What to produce: Copy only what lies from the line containing "Food Network Kitchen’s" through the line containing "Backyard Expressions 9" in the entries below, keeping both end lines exact and dropping every picture.

--- Exercise data ---

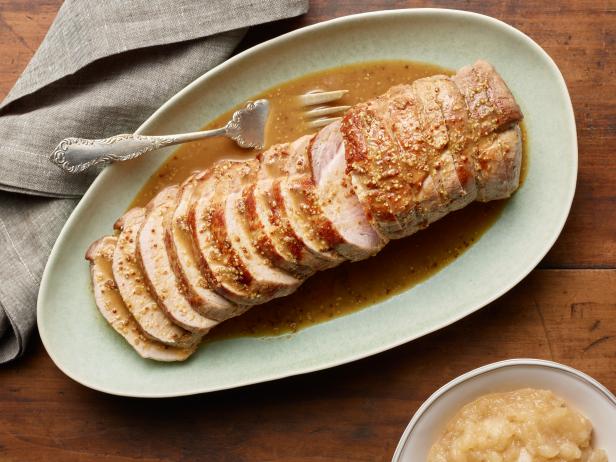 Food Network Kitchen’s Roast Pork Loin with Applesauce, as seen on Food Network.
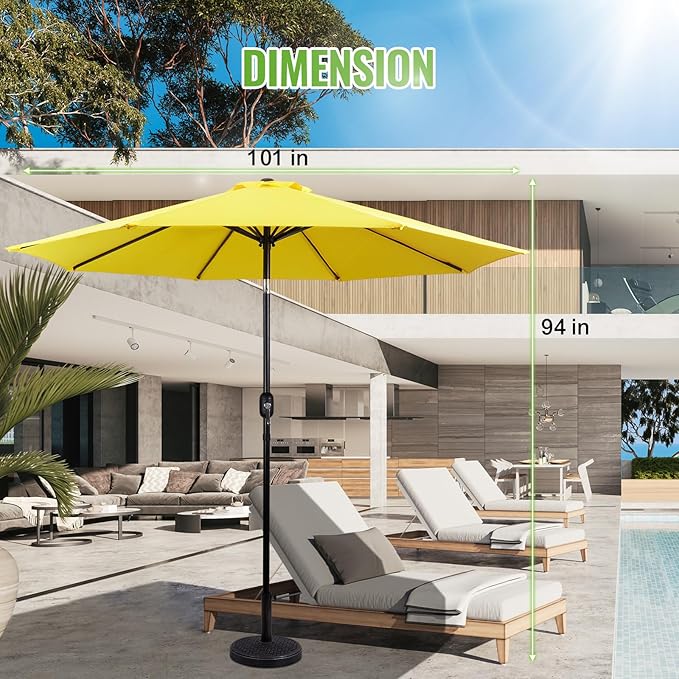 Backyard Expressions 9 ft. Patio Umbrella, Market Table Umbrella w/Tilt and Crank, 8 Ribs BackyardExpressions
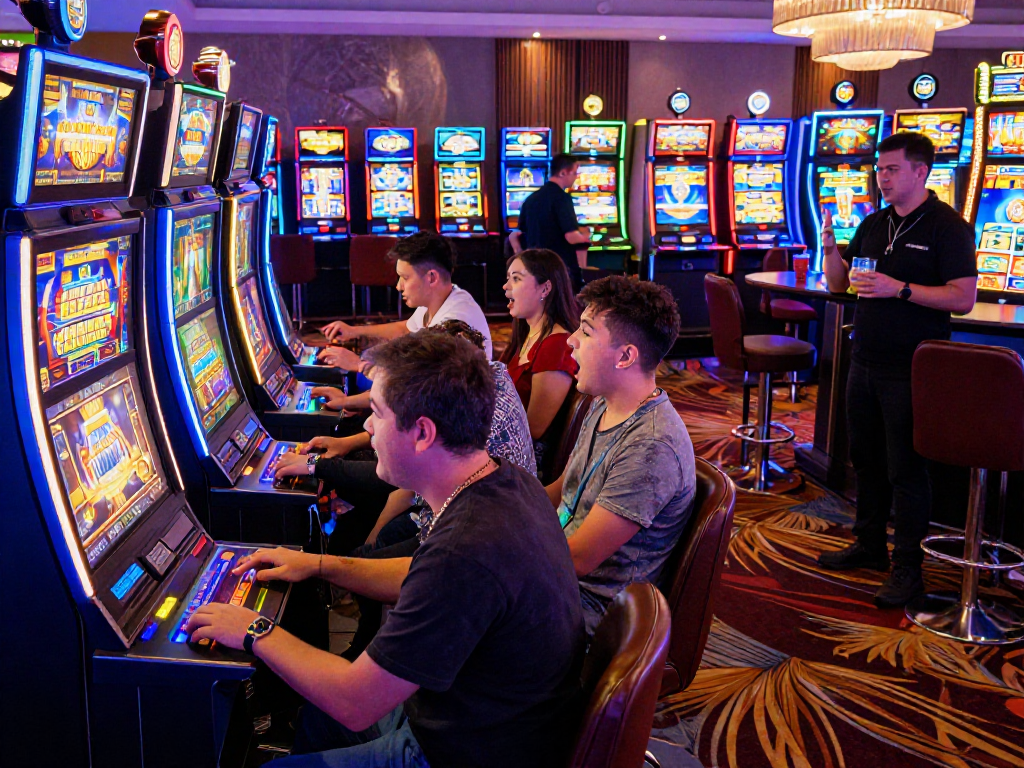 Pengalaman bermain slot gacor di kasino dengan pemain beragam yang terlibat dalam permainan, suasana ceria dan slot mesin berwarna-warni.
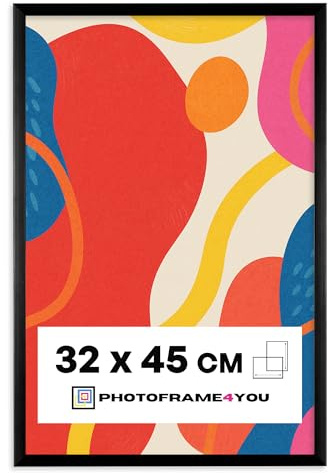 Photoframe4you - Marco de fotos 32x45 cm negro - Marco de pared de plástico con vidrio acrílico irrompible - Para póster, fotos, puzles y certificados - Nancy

---
--- Exercise data ---

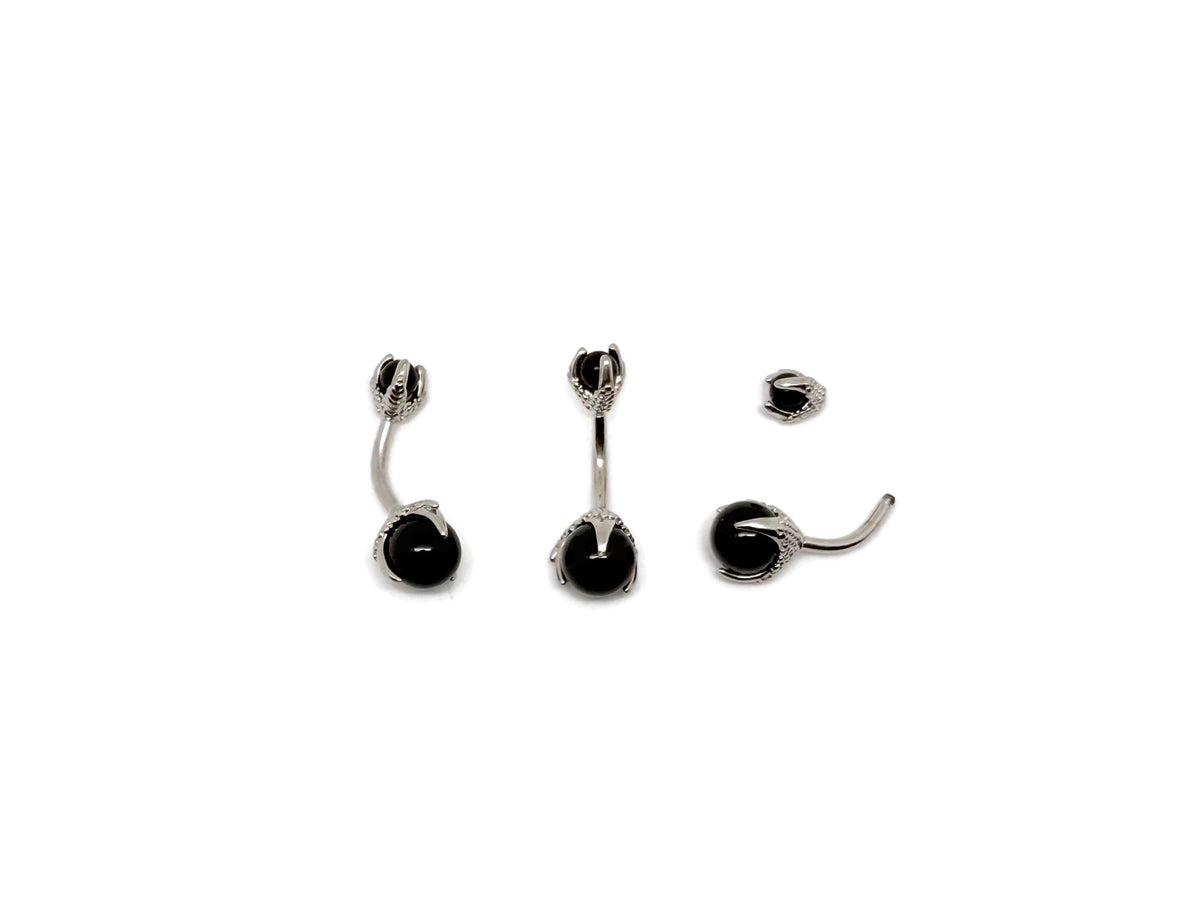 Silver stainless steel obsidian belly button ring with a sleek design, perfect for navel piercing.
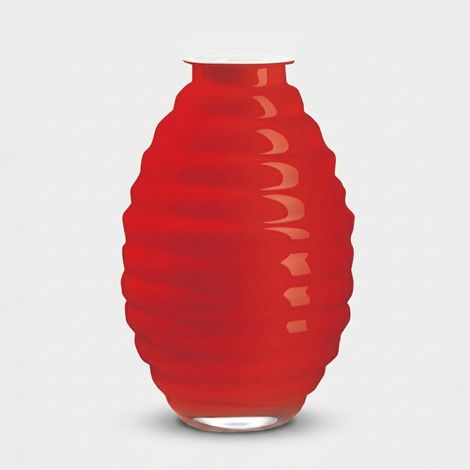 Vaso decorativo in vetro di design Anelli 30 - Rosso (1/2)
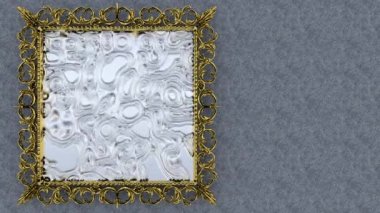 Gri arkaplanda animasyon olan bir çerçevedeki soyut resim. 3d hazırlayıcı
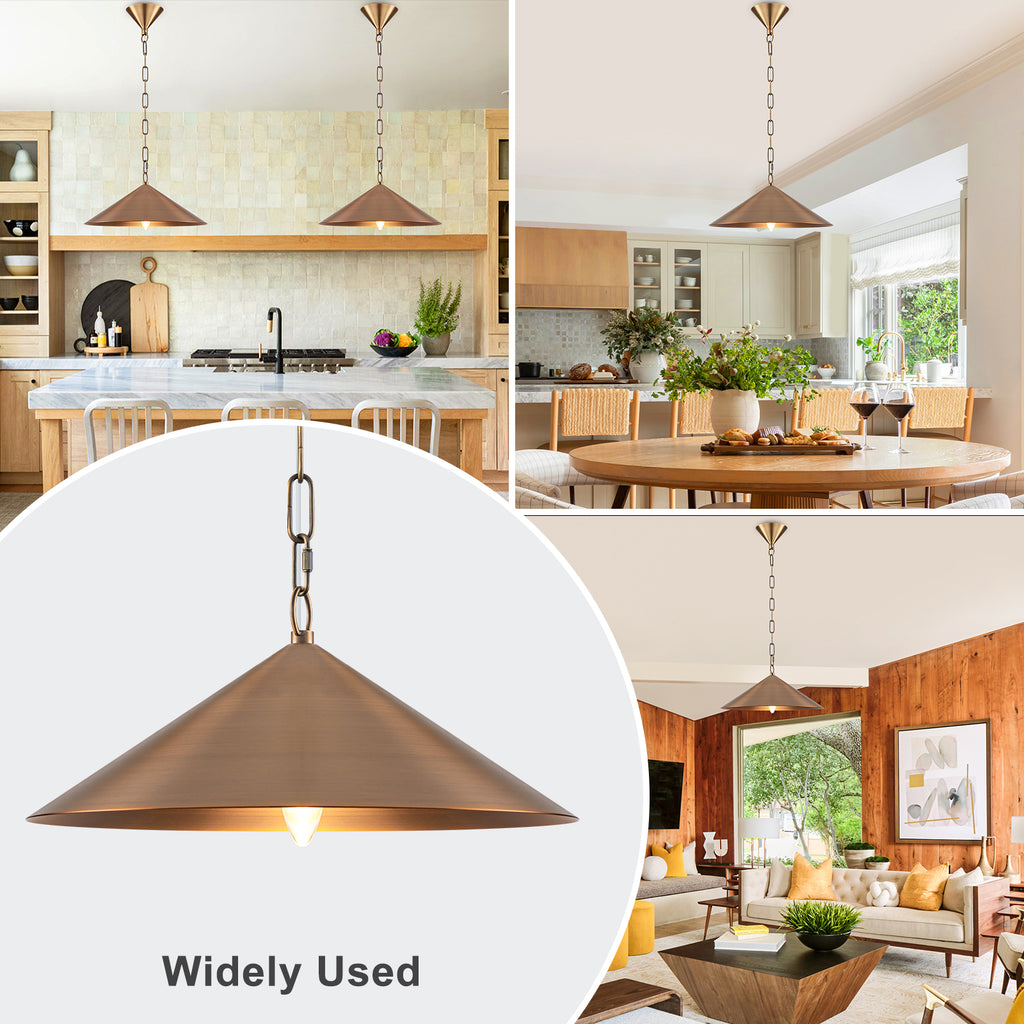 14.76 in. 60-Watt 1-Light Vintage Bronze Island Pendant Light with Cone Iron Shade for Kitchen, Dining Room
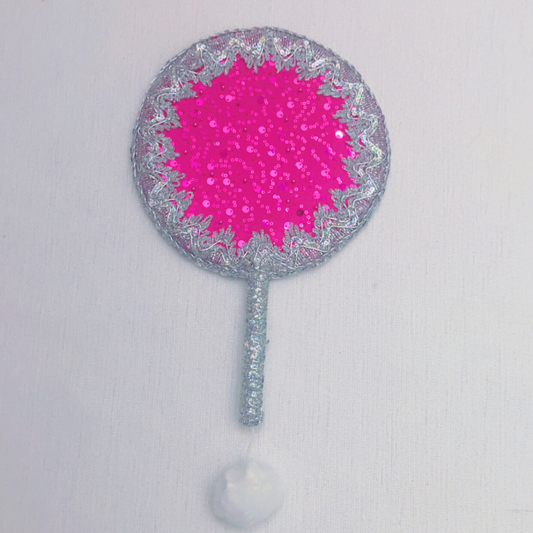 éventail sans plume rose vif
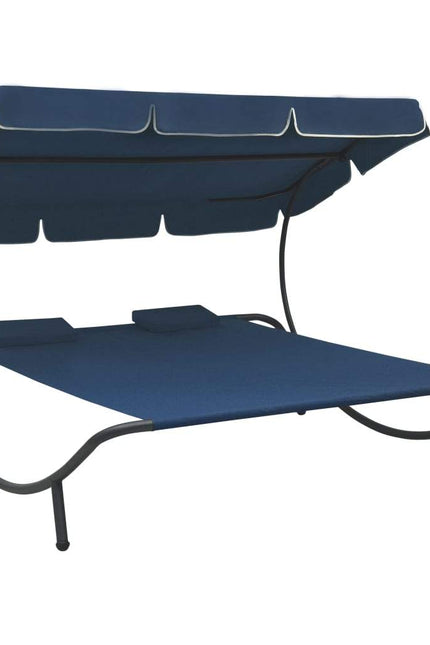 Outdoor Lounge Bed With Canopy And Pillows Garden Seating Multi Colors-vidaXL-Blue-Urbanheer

---
--- Exercise data ---

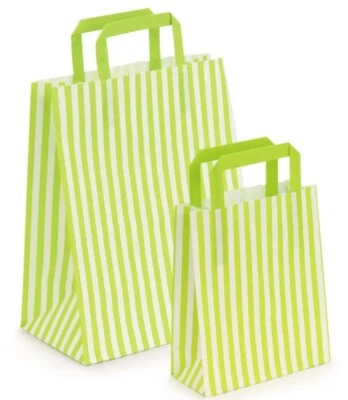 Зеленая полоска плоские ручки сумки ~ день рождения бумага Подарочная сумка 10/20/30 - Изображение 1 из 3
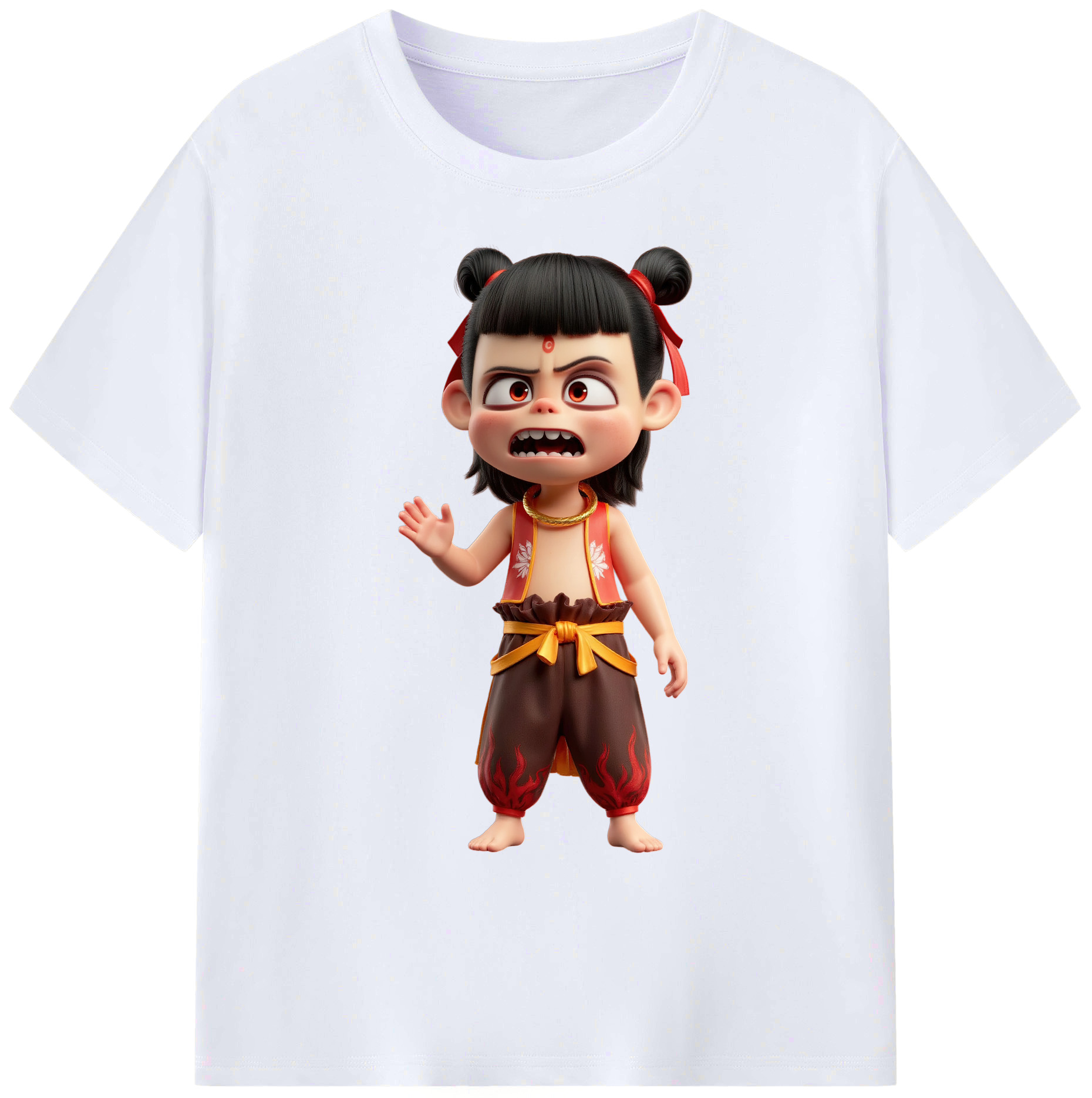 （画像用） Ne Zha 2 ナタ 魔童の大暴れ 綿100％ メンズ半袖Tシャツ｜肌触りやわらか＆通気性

---

Task result:
 Food Network Kitchen’s Roast Pork Loin with Applesauce, as seen on Food Network.
 Backyard Expressions 9 ft. Patio Umbrella, Market Table Umbrella w/Tilt and Crank, 8 Ribs BackyardExpressions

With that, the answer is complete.